This week has seen the full return of the Ireland/Northern Ireland Protocol to political agendas, after a lull during the UK’s party political conference season.
Last night saw the publication of the Commission’s extensive proposals on enabling the implementation of the Protocol, following much consultation both within the EU member states and with Northern Irish stakeholders.
That had been somewhat pre-empted by the Lord Frost’s speech on Tuesday, which were taken as a rejection in principle of those proposals, given the more fundamental problems around the Protocol’s operation.
In particular, Frost spoke of the collapse of Unionist support and of the need to remove the EU’s Court of Justice (CJEU) as the ‘ultimate polic[er]’ of the treaty.

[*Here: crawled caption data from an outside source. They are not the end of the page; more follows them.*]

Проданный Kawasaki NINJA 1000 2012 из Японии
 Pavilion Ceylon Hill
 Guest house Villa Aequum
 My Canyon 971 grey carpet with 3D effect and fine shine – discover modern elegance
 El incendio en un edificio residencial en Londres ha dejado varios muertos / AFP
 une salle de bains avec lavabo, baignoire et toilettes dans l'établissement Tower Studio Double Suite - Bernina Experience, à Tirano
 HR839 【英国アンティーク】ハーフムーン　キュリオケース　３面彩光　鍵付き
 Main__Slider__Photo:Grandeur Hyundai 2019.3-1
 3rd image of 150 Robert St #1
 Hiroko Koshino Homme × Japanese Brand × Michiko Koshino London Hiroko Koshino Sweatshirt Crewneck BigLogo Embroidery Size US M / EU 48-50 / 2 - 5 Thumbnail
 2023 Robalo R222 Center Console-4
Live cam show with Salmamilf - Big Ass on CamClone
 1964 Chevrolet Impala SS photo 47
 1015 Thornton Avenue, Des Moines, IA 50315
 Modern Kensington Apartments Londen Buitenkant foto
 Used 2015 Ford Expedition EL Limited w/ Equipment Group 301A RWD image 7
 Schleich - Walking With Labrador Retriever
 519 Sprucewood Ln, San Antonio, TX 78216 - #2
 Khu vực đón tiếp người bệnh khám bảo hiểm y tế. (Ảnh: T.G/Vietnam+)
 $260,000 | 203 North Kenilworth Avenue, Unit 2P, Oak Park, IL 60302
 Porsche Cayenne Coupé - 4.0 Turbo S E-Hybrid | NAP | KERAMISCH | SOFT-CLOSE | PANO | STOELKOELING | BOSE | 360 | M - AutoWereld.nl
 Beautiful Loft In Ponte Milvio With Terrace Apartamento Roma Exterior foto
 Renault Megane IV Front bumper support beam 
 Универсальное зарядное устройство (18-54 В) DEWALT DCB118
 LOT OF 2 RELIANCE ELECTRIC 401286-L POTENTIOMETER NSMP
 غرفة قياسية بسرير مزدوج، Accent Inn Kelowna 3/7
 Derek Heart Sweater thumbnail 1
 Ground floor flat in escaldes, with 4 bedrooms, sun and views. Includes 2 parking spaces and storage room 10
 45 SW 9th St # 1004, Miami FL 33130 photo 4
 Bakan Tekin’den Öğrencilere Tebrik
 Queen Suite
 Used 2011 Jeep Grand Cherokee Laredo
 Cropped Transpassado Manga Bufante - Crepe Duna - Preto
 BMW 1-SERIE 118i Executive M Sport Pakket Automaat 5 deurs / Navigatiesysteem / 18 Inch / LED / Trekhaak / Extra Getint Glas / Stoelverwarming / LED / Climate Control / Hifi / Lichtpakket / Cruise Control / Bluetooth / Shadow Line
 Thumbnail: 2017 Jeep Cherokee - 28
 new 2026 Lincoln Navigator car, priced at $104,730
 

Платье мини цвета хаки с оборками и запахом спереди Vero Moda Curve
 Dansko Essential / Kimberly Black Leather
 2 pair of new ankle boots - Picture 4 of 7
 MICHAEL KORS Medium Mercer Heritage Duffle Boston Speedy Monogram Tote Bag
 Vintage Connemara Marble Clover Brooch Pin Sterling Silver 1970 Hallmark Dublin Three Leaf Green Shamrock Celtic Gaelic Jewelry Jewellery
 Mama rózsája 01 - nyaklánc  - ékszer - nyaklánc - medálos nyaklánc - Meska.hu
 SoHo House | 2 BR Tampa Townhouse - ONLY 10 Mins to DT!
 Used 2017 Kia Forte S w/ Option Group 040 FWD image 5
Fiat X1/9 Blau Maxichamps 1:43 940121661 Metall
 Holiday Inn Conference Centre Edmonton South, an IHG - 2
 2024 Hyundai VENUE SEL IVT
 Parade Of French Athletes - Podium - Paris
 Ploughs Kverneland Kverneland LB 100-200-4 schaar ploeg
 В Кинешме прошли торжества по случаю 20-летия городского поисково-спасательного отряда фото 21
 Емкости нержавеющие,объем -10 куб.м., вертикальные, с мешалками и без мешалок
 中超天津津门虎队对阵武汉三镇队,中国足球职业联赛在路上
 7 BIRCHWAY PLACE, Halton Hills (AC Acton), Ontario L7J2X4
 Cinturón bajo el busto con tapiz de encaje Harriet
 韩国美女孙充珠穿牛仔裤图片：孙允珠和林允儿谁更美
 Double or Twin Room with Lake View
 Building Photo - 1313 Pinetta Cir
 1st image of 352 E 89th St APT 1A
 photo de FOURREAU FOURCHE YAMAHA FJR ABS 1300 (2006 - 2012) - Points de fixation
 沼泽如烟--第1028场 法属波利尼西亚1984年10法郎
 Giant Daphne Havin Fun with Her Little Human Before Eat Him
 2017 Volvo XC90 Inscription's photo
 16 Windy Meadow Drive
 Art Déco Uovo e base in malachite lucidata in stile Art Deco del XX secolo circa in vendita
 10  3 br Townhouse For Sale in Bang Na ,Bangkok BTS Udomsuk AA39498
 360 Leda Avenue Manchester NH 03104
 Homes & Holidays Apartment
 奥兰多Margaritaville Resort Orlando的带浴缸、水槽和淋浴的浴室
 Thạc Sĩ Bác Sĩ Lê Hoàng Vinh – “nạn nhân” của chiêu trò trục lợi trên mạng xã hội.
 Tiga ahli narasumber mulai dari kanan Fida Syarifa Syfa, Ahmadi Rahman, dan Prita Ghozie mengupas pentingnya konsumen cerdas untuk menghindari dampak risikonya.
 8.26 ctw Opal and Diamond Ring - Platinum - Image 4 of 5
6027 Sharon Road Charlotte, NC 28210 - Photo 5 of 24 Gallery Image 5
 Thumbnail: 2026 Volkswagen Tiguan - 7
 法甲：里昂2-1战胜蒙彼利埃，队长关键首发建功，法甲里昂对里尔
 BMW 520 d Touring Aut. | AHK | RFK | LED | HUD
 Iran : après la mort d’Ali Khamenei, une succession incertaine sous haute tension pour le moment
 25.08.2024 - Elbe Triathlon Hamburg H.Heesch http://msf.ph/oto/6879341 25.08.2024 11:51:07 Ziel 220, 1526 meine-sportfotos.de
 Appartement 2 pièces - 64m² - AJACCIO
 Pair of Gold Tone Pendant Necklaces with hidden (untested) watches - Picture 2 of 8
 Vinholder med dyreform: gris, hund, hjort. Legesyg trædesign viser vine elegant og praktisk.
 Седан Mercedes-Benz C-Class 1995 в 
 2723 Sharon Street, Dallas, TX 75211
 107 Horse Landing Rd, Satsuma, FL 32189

As explained in the graphic below, the CJEU is incorporated into the Withdrawal Agreement in two ways. Temporarily, it discharges all outstanding cases before it, including those brought during transition, and offers a time-limited route for handling Citizens’ Rights cases. Permanently, it has a role to provide definitive rulings on matters of EU law that arise from disputes and from the operation of the Protocol in Northern Ireland (the sovereign bases in Cyprus too, not that this seems to be a live issue).
That permanent role is a function of the basic model of the Protocol itself: Northern Ireland is effectively an extension of the EU’s single market and customs union, and each of those is made up of rules set by the EU. Therefore, to ensure uniform interpretation of those rules (needed to make either element meaningful), you need to have a single ultimate court to decide what’s what.
In short, as David Allen Green rightly notes, if you want to remove the CJEU, then you want to stop Northern Ireland being inside the single market and customs union, which is a fundamentally situation for the region, and one that isn’t compatible with the Good Friday Agreement.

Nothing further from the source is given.